The information set forth in the sections of the Proxy Statement entitled “Management of the Company Following the Business Combination,” “Executive and Director Compensation,” and “Certain Relationships and Related Person Transactions” beginning on page 128, page 143, and page 210 respectively, of the Proxy Statement is incorporated herein by reference. The information set forth in Item 5.02 under the heading “Compensatory Arrangements” of this Current Report is incorporated herein by reference.

 

The foregoing description of the compensation of the Company’s executive officers, including the description in the Proxy Statement referenced above, does not purport to be complete and is qualified in its entirety by the full text of the officer’s employment agreements and retention agreement, copies of which are attached hereto as Exhibit 10.18, Exhibit 10.19, Exhibit 10.20, Exhibit 10.21, Exhibit 10.22, Exhibit 10.23, Exhibit 10.30, and Exhibit 10.31, respectively, and are incorporated herein by reference.

 

Certain Relationships and Related Party Transactions

 

The information set forth in the section of the Proxy Statement entitled “Certain Relationships and Related Person Transactions” beginning on page 210 of the Proxy Statement is incorporated herein by reference.

 

With respect to the disclosure made about the “Agreement with Riverside Management Group” in the section of the Proxy Statement entitled “Certain Relationships and Related Person Transactions,” following the filing of the Proxy Statement, PSAC entered into an omnibus transaction services fee agreement and acknowledgement with the Sponsor, FF, Riverside Management Group, LLC, a Delaware LLC (“Riverside”) and Philip Kassin, Robert Mancini and James Carpenter (each, a “Service Provider” and, collectively, the “Service Providers”), pursuant to which the Service Providers, together with such other service providers who assisted the Service Providers as identified by the Service Providers, replaced Riverside as the recipients of the cash and share compensations described under the heading “Agreement with Riverside Management Group” in the section of the Proxy Statement entitled “Certain Relationships and Related Person Transactions” in a manner as designated in writing by the Service Providers.

 

Principal Accountant Fees and Services

 

The information set forth in the section of the Proxy Statement entitled “Other Information Related to PSAC—Independent Auditors’ Fees” beginning on page 160 of the Proxy Statement is incorporated herein by reference.

 

Legal Proceedings

 

The information set forth in the section of the Proxy Statement entitled “Business of FF—Legal Proceedings and Vendor Trust” beginning on page 181 of the Proxy Statement is incorporated herein by reference.

 

Market Price of and Dividends on the Registrant’s Common Equity and Related Stockholder Matters

 

Prior to the Closing, the Company’s publicly traded Class A common stock, Public Warrants and units were listed on the Nasdaq Capital Market under the symbols “PSAC,” “PSACW” and “PSACU,” respectively.

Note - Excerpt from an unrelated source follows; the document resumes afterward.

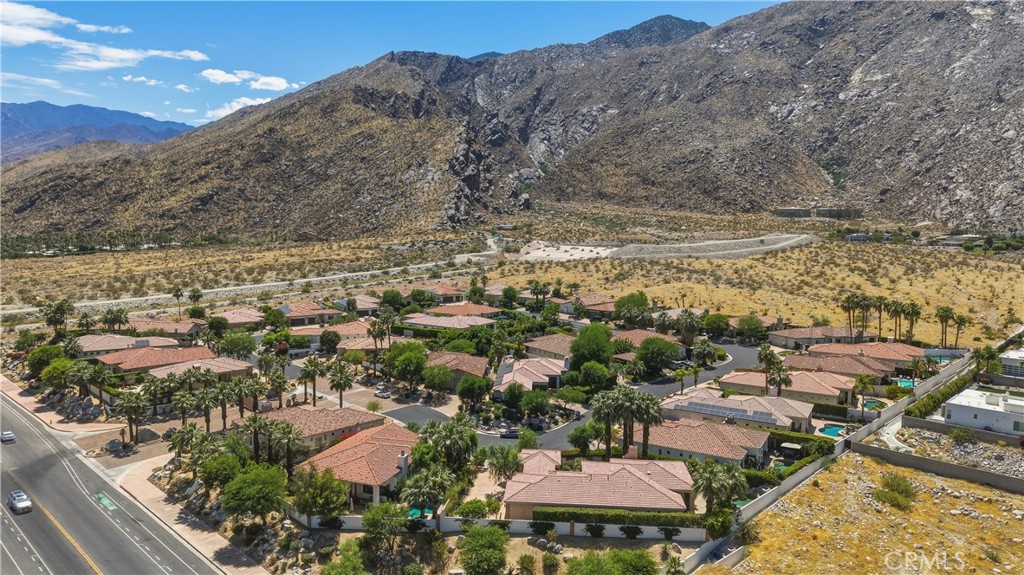 300 Big Canyon Drive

Upon the Closing, the Company’s common stock and Warrants were listed on the Nasdaq under the symbols “FFIE” and “FFIEW,” respectively. The Company’s publicly traded units automatically separated into their component securities upon the Closing, and as a result, no longer trade as a separate security and were delisted from the Nasdaq.

 

As of the Closing Date and following the consummation of the Business Combination, the Company had approximately 324,360,508 shares of Company common stock issued and outstanding held of record by 91 holders.

 

The Company has not paid any cash dividends on shares of its common stock to date. The payment of any cash dividends in the future will be within the discretion of the Board. The payment of cash dividends in the future will be contingent upon the Company’s revenues and earnings, if any, capital requirements, and general financial condition. It is the present intention of Board to retain all earnings, if any, for use in business operations, and accordingly, the Board does not anticipate declaring any dividends in the foreseeable future.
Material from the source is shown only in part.